After three-day marathon debate, the state assembly on Saturday passed the Odisha Hindu Religious Endowments (Amendment) Bill 2012, which gives first preference to the state government to buy immovable properties from Hindu religious institutions.

As per the amendment in the Odisha Hindu Religious Endowments Act, 1951, any proposal to dispose of immovable property of any Hindu religious institutions, the first sale offer will go to the State government. If the State Government refused to buy the endowment property, the property will be put to public sale with permission from the Endowments Commissioner, Law Minister Raghunath Mohanty told the Assembly.

Opposition BJP and Congress had sought withdrawal of the Bill saying it was hastily introduced keeping in mind some ulterior motive. Allaying any apprehension, law minister Raghunath Mohanty said it would help government buy such land in important places for larger public good. Currently, land of these institutions is being purchased by private parties, preventing the government from using those for public purpose such as expansion of office, court building and roads.
Odisha Hindu Religious Endowments Act
The amendment to the original Act was required as the power to grant permission for sale of immovable property, mostly land of Hindu religious institutions, was vested with the Endowments Commissioner. The State Government has little scope to know about sale or mortgage of endowments property except when dispute arises over the property and the parties involved in the dispute went for appeal. Secretary of Law Department is the first appellate authority for hearing the appeal.

The Minister said there are many religious institutions, managed by either hereditary trustee or non-hereditary Trust Board constituted under the provisions of the Endowments Act, are not financially sound. In many cases, immovable properties of such institutions are located in areas where development is taking place at a rapid pace.
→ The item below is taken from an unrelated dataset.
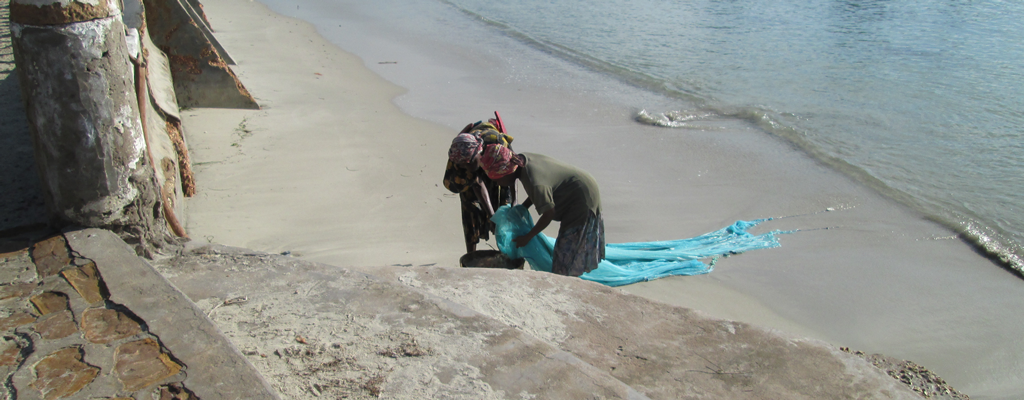 A female fisher on the beach. (credit: CRC)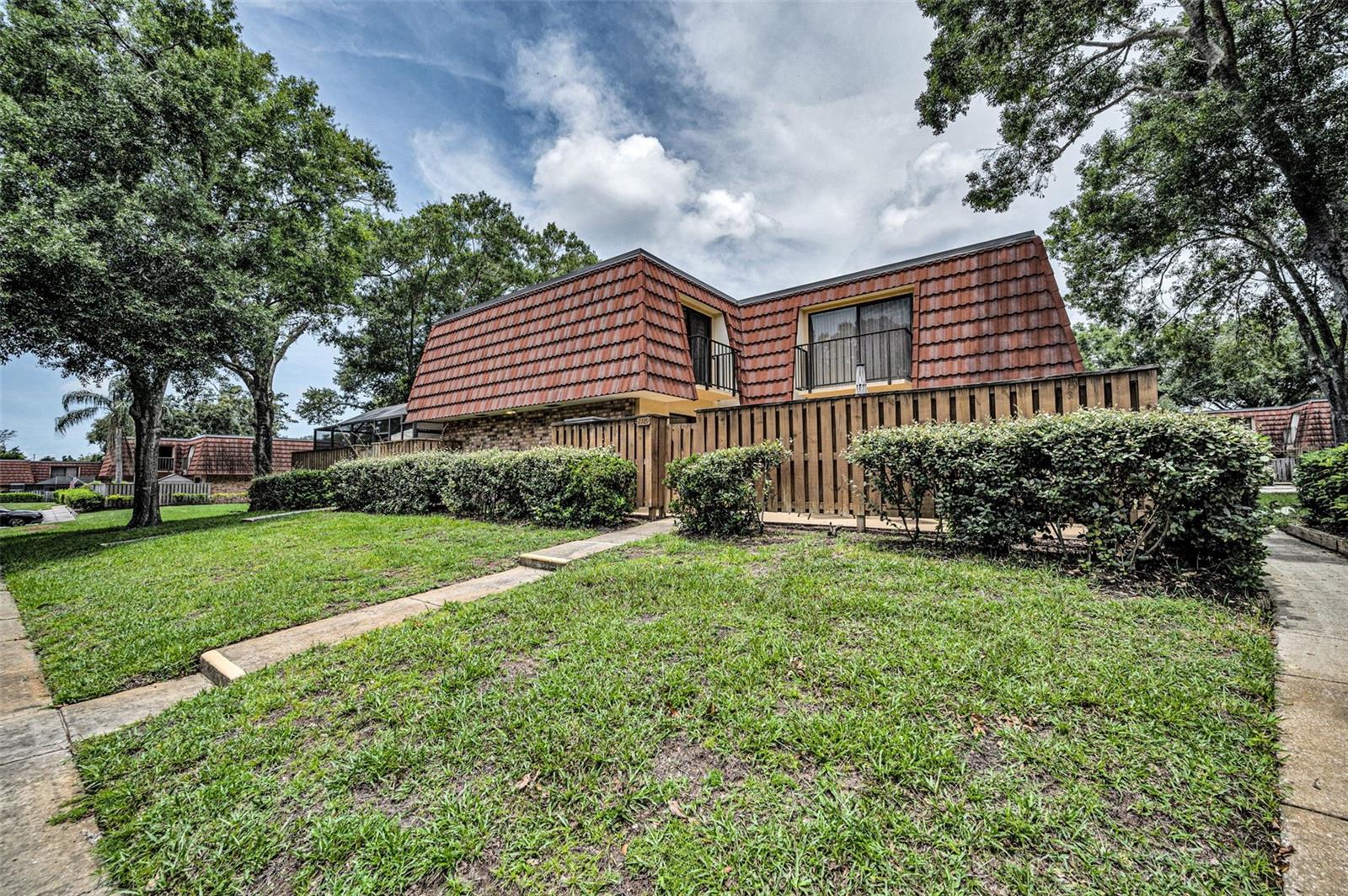 2725 5TH CT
In view of the huge price rise of real estate, the middle class, lower middle class and economically weaker sections are not able to participate in the auction of endowments land in important localities. Only higher income groups and people in real estate business are taking advantage of the sale of endowments properties.

Mohanty said in many cases properties of such institutions were located in important urban localities where development was fast taking place. But whenever the institutions decide to sell those, only rich people were able to but those. The state has over 16000 temples and over 450 mutts.

The State Government will intimate its decision whether to purchase the land or not to the Trustee or the person-in-charge of the endowments property within 45 days which may be extended by another 30 days, the Minister said.